* **WORK TASK**: Omit all pictures, then retype the data exactly as given.

* **SUPPLIED INFORMATION**:
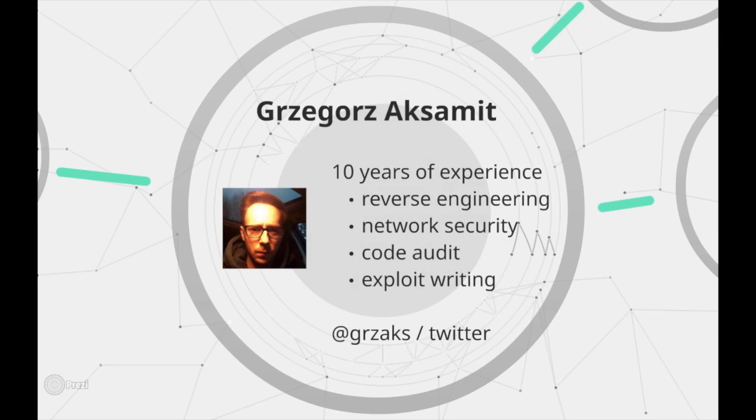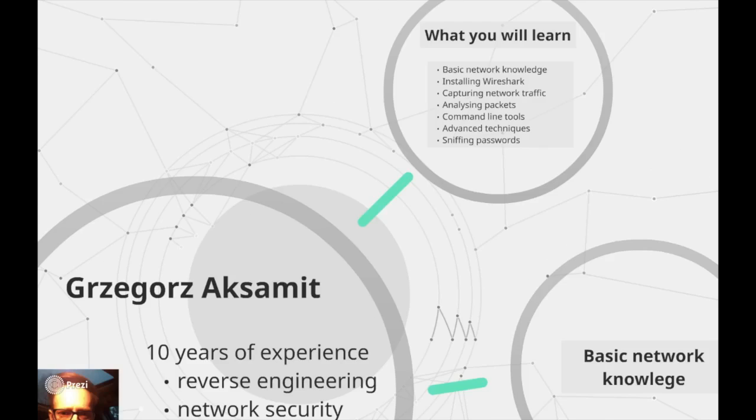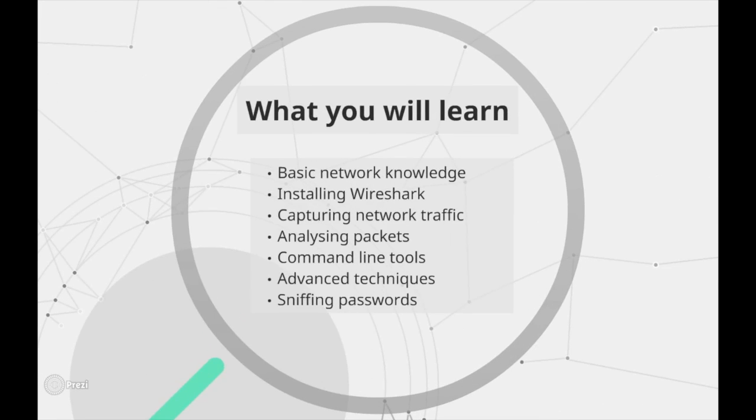Just to know what to expect from this course, we will start with a quick overview of network related terms like TCP IP. You should be familiar with them to understand the rest of this course.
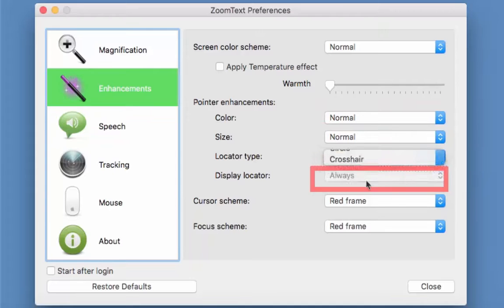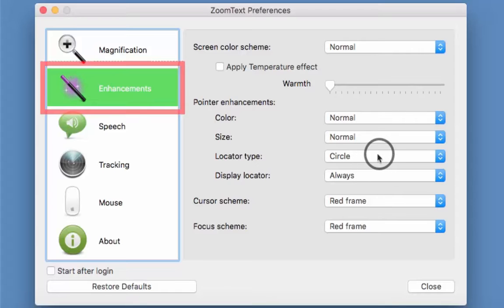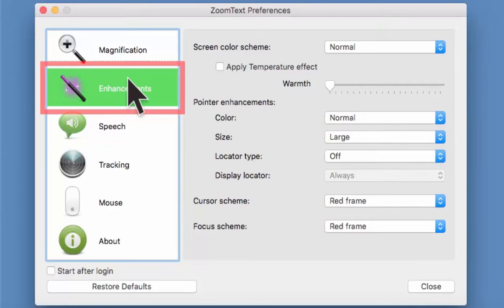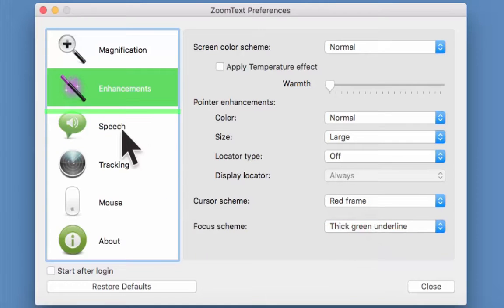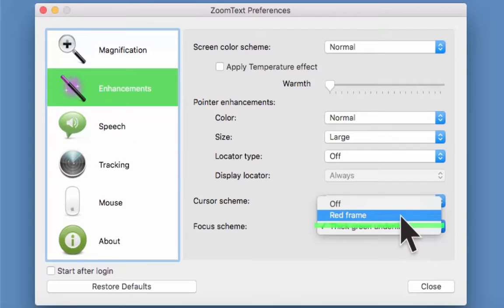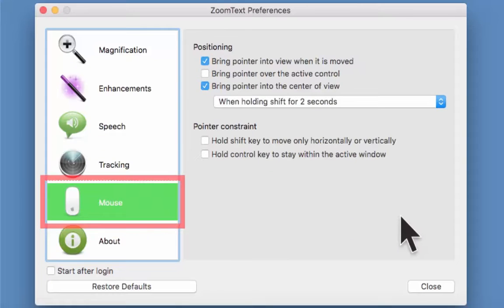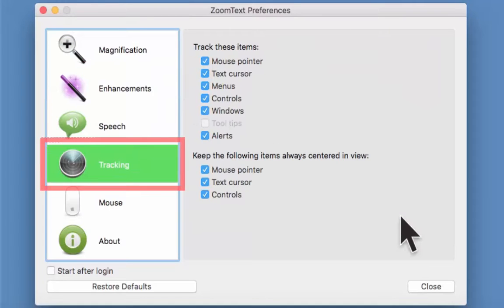Under Locator Type, if I do Crosshair you get the crosshair effect, or Circle gives you the circle effect to move around with. I prefer to turn that off and just leave a cursor effect. Going back to Size — let's make that Large. Under Cursor Scheme look to the right — there's a red rectangle — so let's go to Focus and change that to Fit Green. You can see it highlights as I move the cursor down, so you can see exactly where you are.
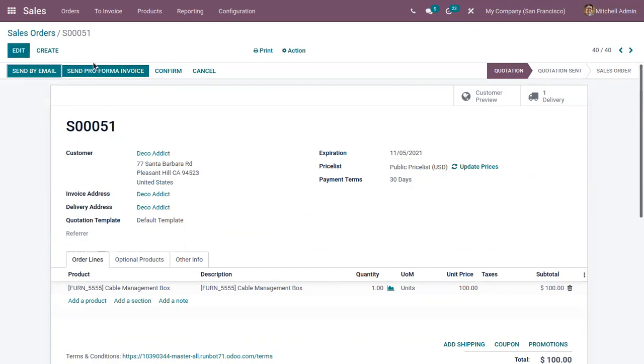So here you can see before confirming the sale order itself, we can send this proforma invoice to a customer. So let's click on the send.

* **RESPONSE BELOW**:
Just to know what to expect from this course, we will start with a quick overview of network related terms like TCP IP. You should be familiar with them to understand the rest of this course.
Under Locator Type, if I do Crosshair you get the crosshair effect, or Circle gives you the circle effect to move around with. I prefer to turn that off and just leave a cursor effect. Going back to Size — let's make that Large. Under Cursor Scheme look to the right — there's a red rectangle — so let's go to Focus and change that to Fit Green. You can see it highlights as I move the cursor down, so you can see exactly where you are.
So here you can see before confirming the sale order itself, we can send this proforma invoice to a customer. So let's click on the send.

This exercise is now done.